Section 3.3. Indemnity.
The Guarantor agrees to indemnify the Guarantee Trustee for, and to hold it
harmless against, any loss, liability or expense incurred without negligence or
bad faith on the part of the Guarantee Trustee, arising out of or in connection
with the acceptance or administration of this Guarantee Agreement, including the
costs and expenses of defending itself against any claim or liability in
connection with the exercise or performance of any of its powers or duties
hereunder. The Guarantee Trustee will not claim or exact any lien or charge on
any Guarantee Payments as a result of any amount due to it under this Guarantee
Agreement.
ARTICLE IV. GUARANTEE TRUSTEE
Section 4.1. Guarantee Trustee: Eligibility.
(a) There shall at all times be a Guarantee Trustee which shall:
(i) not be an Affiliate of the Guarantor; and
(ii) be a Person that is eligible pursuant to the Trust Indenture Act to
act as such and has a combined capital and surplus of at least $50,000,000,
and shall be a corporation meeting the requirements of Section 310(a) of the
Trust Indenture Act. If such corporation publishes reports of condition at
least annually, pursuant to law or to the requirements of the supervising or
examining authority, then, for the purposes of this Section and to the extent
permitted by the Trust Indenture Act, the combined capital and surplus of such
corporation shall be deemed to be its combined capital and surplus as set
forth in its most recent report of condition so published.

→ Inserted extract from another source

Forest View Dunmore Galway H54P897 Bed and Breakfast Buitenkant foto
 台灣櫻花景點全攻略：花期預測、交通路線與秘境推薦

(b) If at any time the Guarantee Trustee shall cease to be eligible to so act
under Section 4.1(a), the Guarantee Trustee shall immediately resign in the
manner and with the effect set out in Section 4.2(c).
(c) If the Guarantee Trustee has or shall acquire any "conflicting interest"
within the meaning of Section 310(b) of the Trust Indenture Act, the Guarantee
Trustee and Guarantor shall in all respects comply with the provisions of
Section 310(b) of the Trust Indenture Act.
Section 4.2. Appointment, Removal and Resignation of the Guarantee Trustee.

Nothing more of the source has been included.